■ Exercise requirements:
Using the records below, transcribe exactly only the lines from the one with "Gafas de sol" through the end, both included, and drop every picture.

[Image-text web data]

______

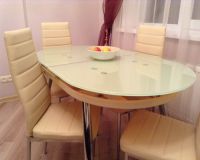 Kuhinjski ovalni klizni stol1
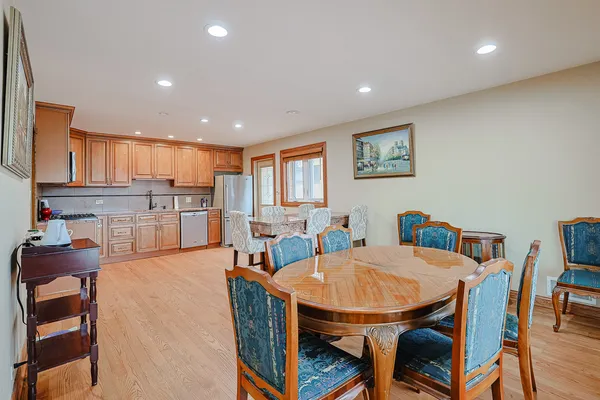 $479,900 | 9714 Kedvale Avenue, Skokie, IL 60076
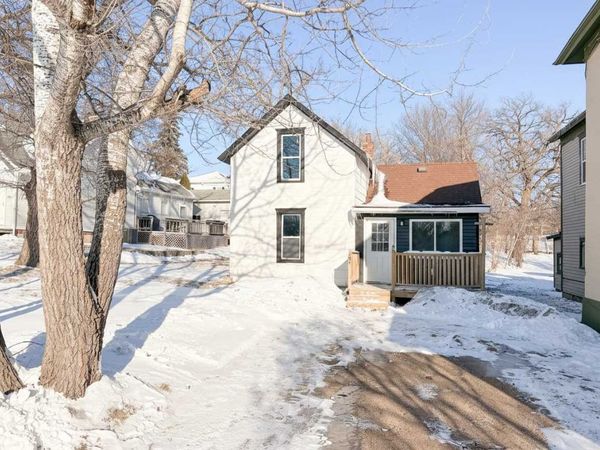 104 S Lakeside Drive, Fergus Falls, MN 56537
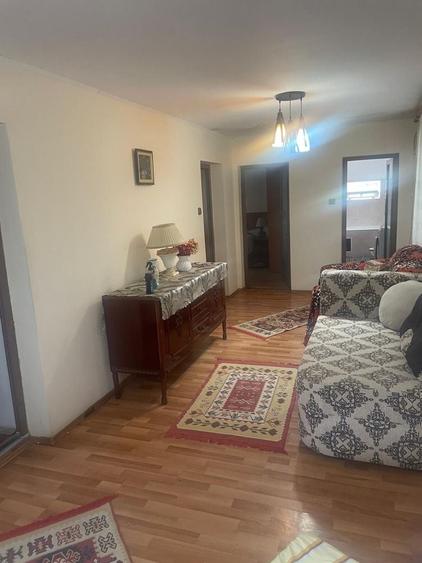 Casă cu 4 camere în Ion Roată
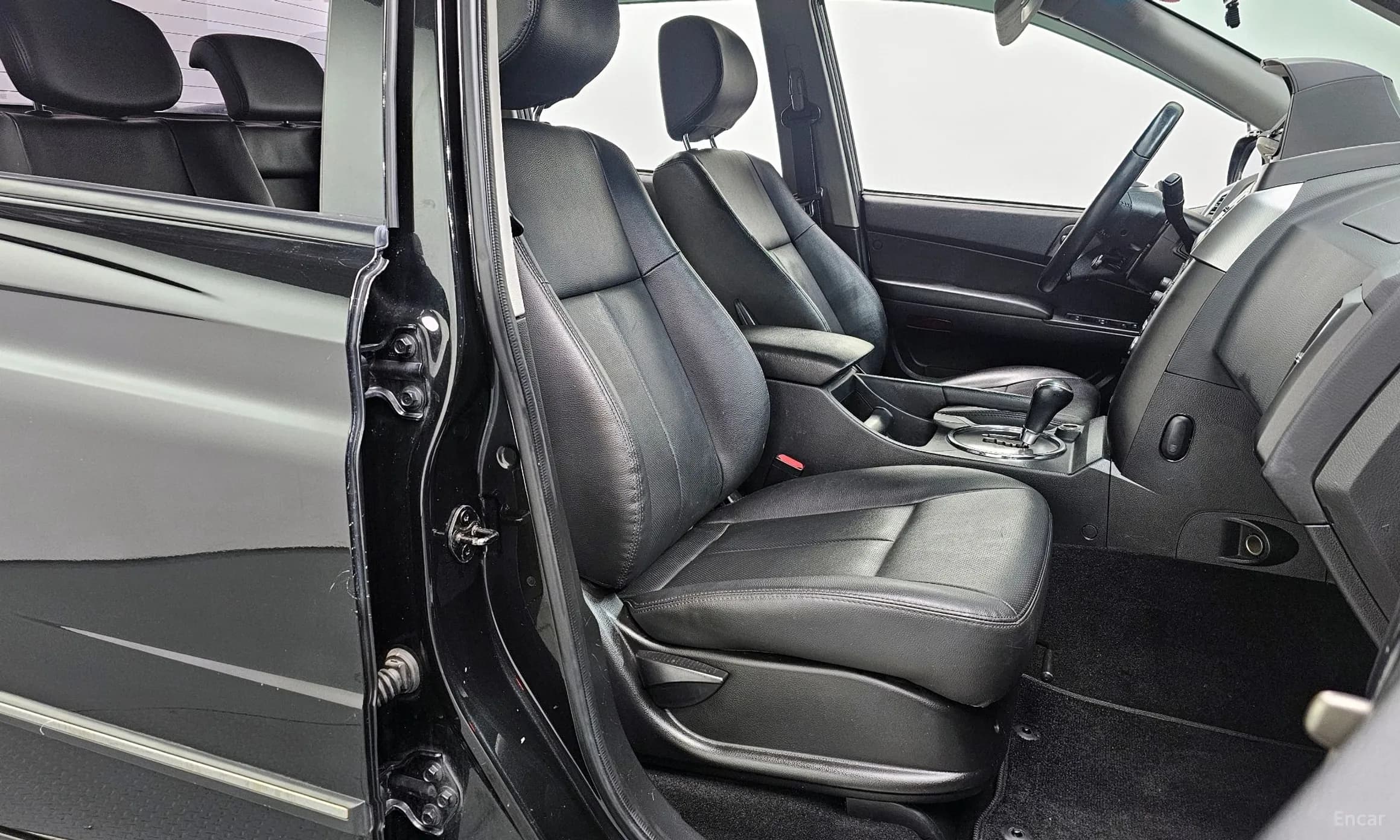 Korando Sports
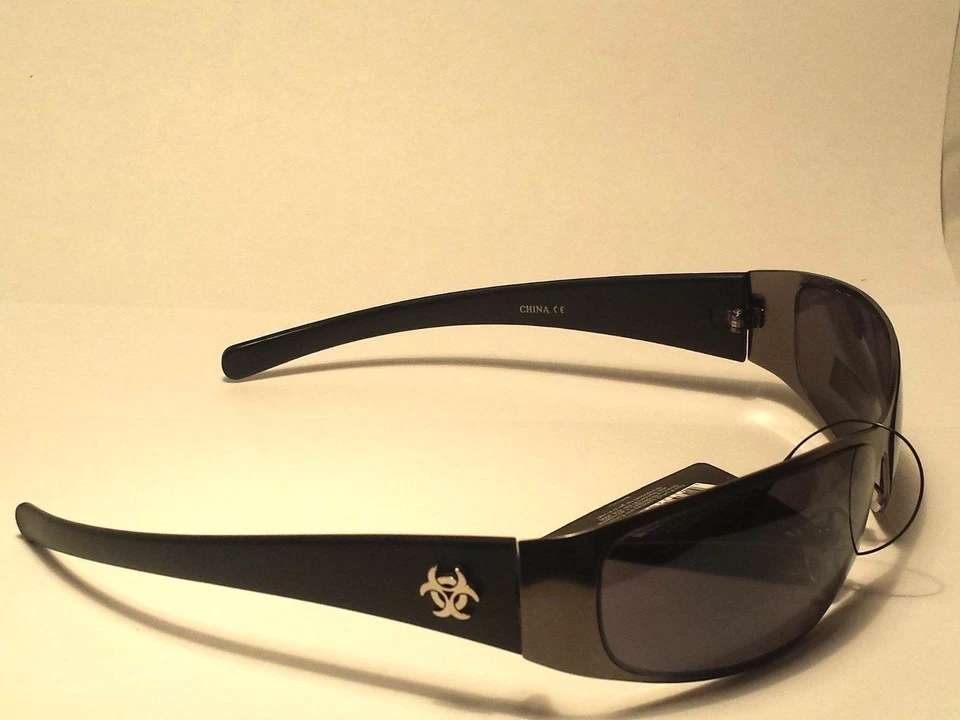 Gafas de sol unisex Biohazard marco de plástico y metal estilo ovalado 100 % UVA y UVB Foto 4 de 4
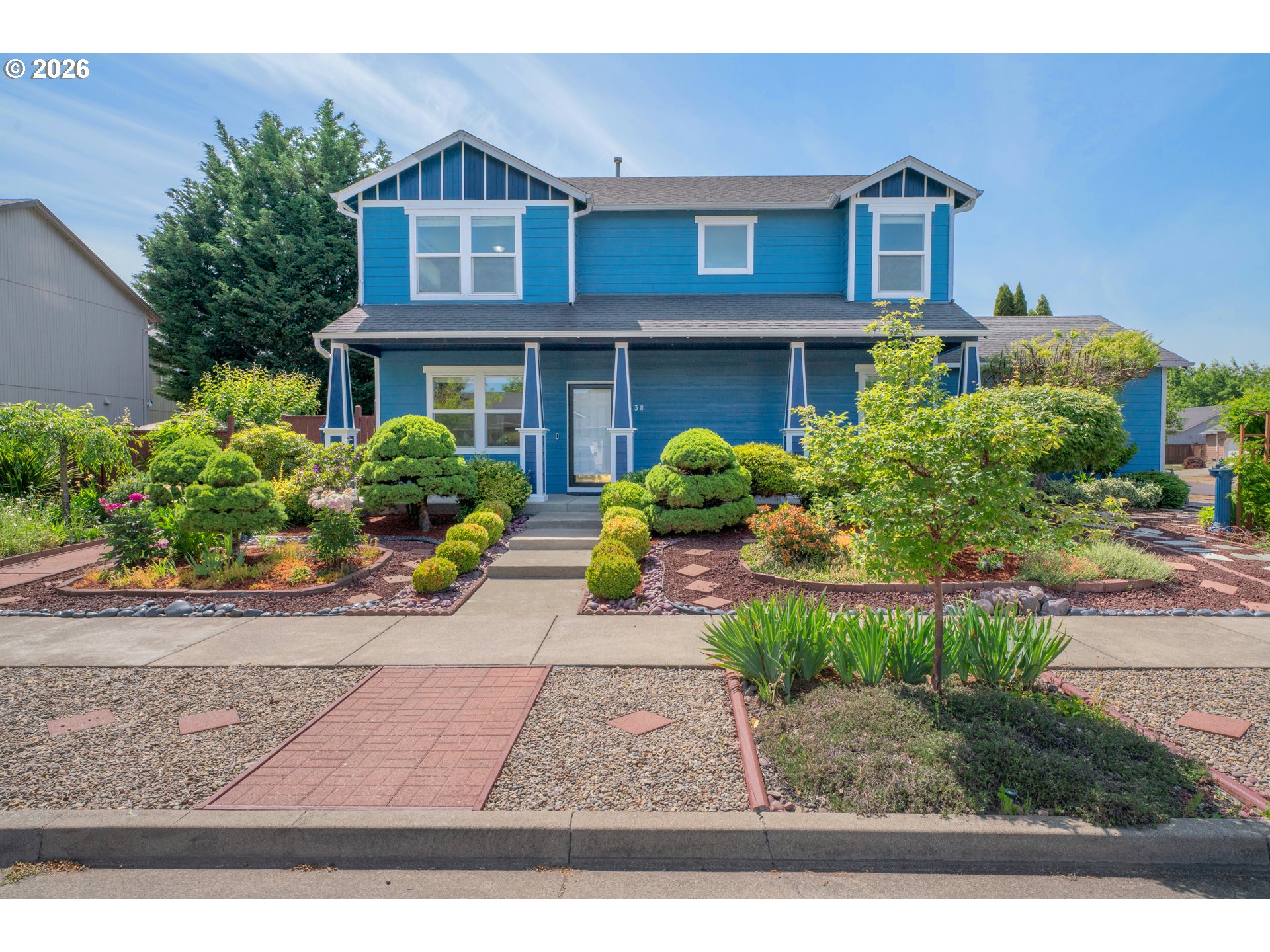 main property photo 2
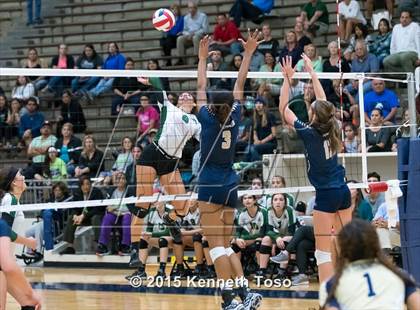 Thumbnail 3 in O'Connor vs Reagan (UIL 6A Regional Quarterfinal) photogallery.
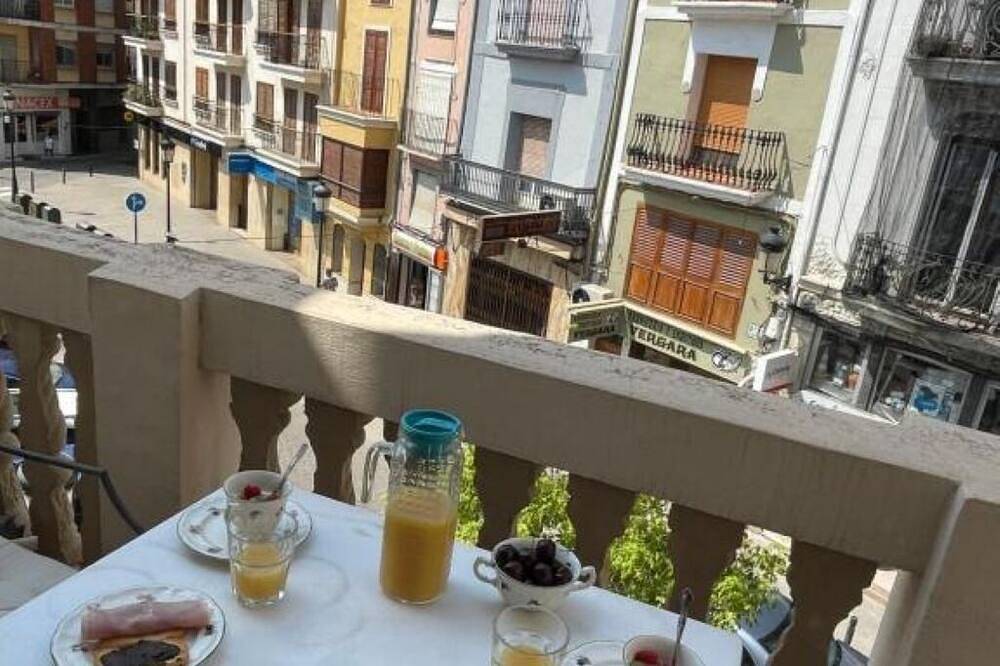 Ganze Wohnung, Apartment with Balcony Varone - City View Apartments near Circuito Cheste in Requena, Valencia Provinz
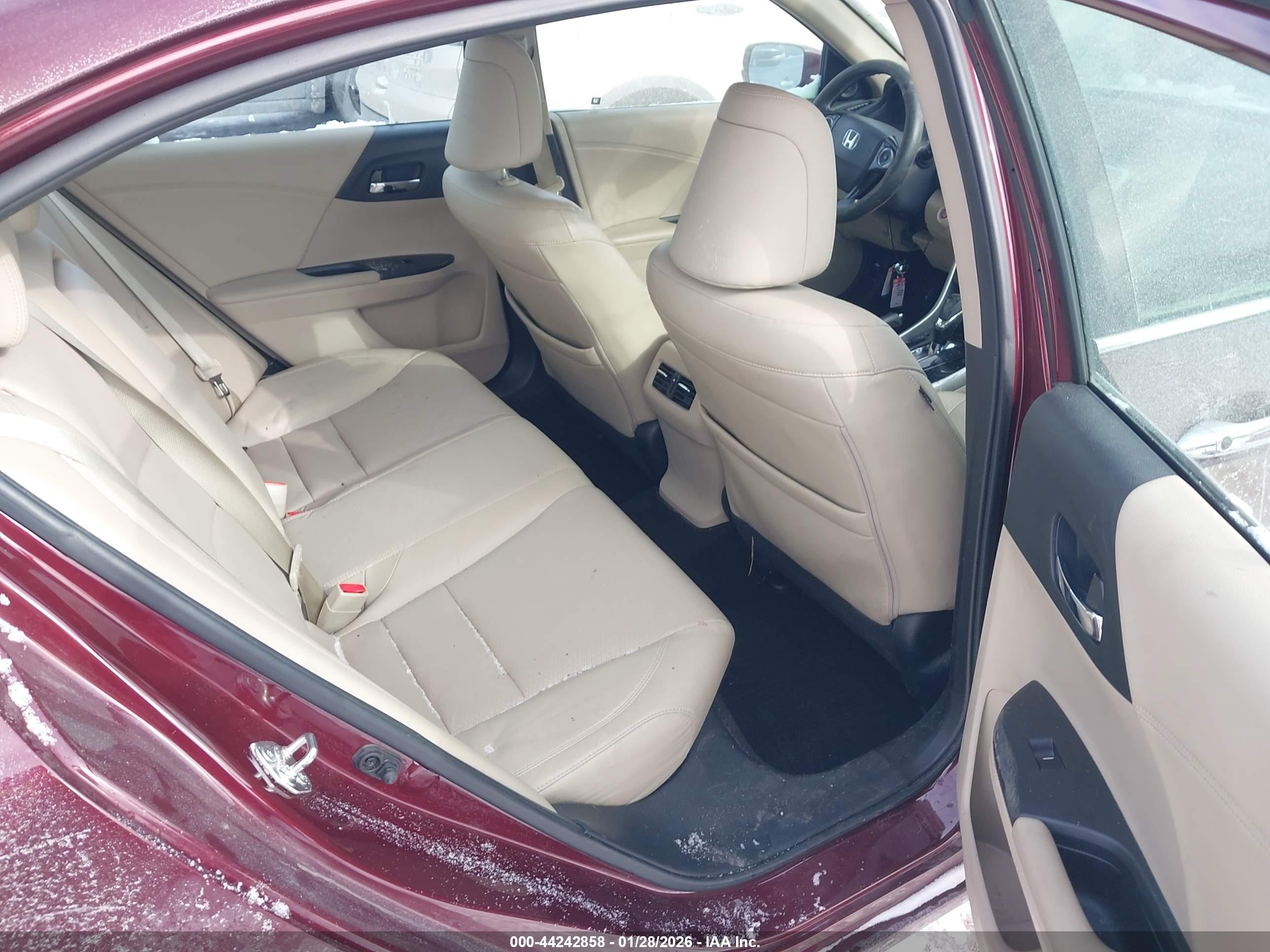 HONDA ACCORD image 8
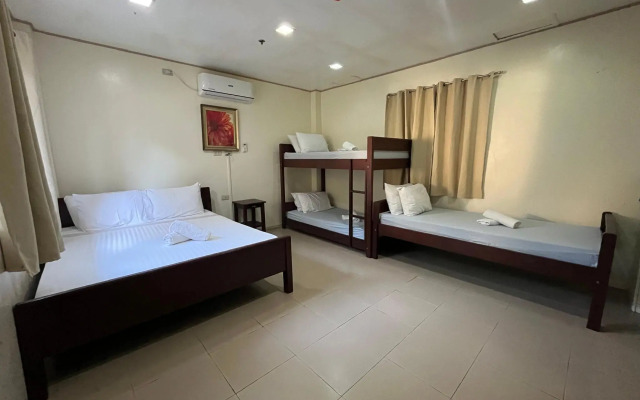 Blue Lagoon Inn & Suites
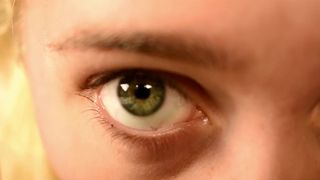 18-летняя школьница попала в рабство к старому мужику и сосет хуй в стиле Бдсм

______

■ Result for this task:
 Gafas de sol unisex Biohazard marco de plástico y metal estilo ovalado 100 % UVA y UVB Foto 4 de 4
 main property photo 2
 Thumbnail 3 in O'Connor vs Reagan (UIL 6A Regional Quarterfinal) photogallery.
 Ganze Wohnung, Apartment with Balcony Varone - City View Apartments near Circuito Cheste in Requena, Valencia Provinz
 HONDA ACCORD image 8
 Blue Lagoon Inn & Suites
 18-летняя школьница попала в рабство к старому мужику и сосет хуй в стиле Бдсм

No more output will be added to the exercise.